Leave It As It Is: A Journey Through Theodore Roosevelt’s American Wilderness by David Gessner. Do you miss going outside? Why not read about it (she said, sadly)? Here, Gessner “embarks on a great American road trip guided by Roosevelt’s crusading environmental legacy.” Roosevelt, complicated figure that he was, laid the foundation for many of our national parks and was the first president to create a Federal Bird Reserve. On the trip, Gessner “questions and reimagines Roosevelt’s vision for today.” Which is GREAT, because, as previously stated: complicated.
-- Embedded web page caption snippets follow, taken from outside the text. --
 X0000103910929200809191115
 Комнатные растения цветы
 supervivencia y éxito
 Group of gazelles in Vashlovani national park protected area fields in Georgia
Caste: The Origins of Our Discontent by Isabel Wilkerson. Ok, this isn’t really “backlist,” but it came out last week and I MISSED IT. In Wilkerson’s next book after The Warmth of Other Suns, she looks at “how America today and throughout its history has been shaped by a hidden caste system, a rigid hierarchy of human rankings.” By looking at America, India, and Nazi Germany, Wilkerson walks you through eight pillars that support caste systems around the world.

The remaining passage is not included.